Though Netflix’s blocking of its Super HD service resembles a “blackout,” it also involves a novel form of tying, a competition issue that isn’t involved in traditional “cable” programming disputes. A tying arrangement is an agreement by a party (Netflix) to sell one thing (Super HD service) only if the buyer (consumers and ISPs) also purchases a different product (Netflix’s “Open Connect” CDN). Though there is controversy regarding the extent to which tying is anticompetitive, the novel tying arrangement presented by Netflix implicates both the per se prohibition on tying (due to the potential competitive harm to other over-the-top video distributors and CDNs) and the rule of reason applicable to non-foreclosing ties (because consumers who don’t subscribe to Netflix will absorb the cost of the tied product (Netflix’s “Open Connect” CDN), but won’t have access to the tying product (Super HD service)).
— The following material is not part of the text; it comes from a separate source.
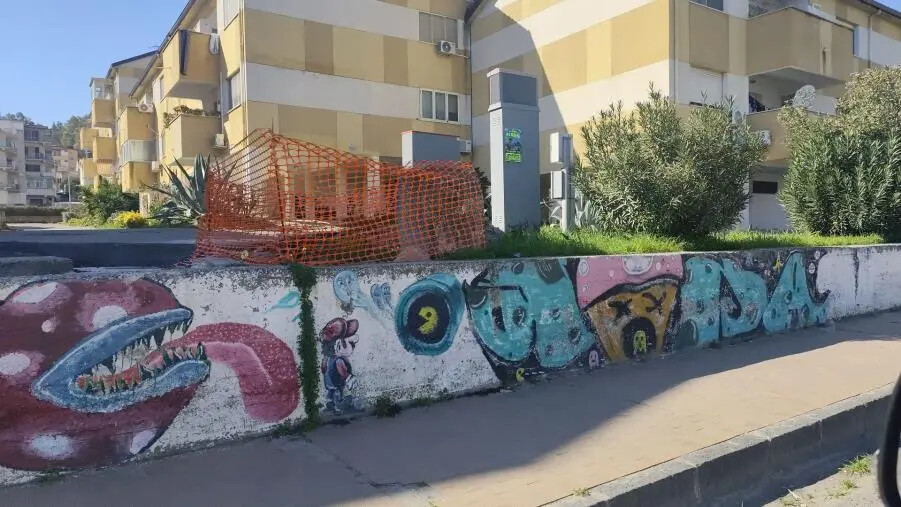 images Fogna in via Forni a Catanzaro, Riccio e Longo chiedono novità sul completamento dei lavori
To be clear, I’m not asserting that Netflix has violated the antitrust laws. Tying is a complex issue and a complete analysis isn’t necessary to make my point: that our current regulations aren’t designed to serve the needs of consumers or our global competitiveness in the broadband Internet era.

The architecture and economics of the Internet are continuously evolving, but our regulations are stuck in the past. To maximize innovation and investment, all participants in the Internet economy should be allowed to evolve their technologies and business models to meet the demands of these dynamic changes. FCC regulations intended to preserve outdated infrastructure and economic relationships are currently inhibiting their evolution – which harms consumers, the economy, and our global competitiveness.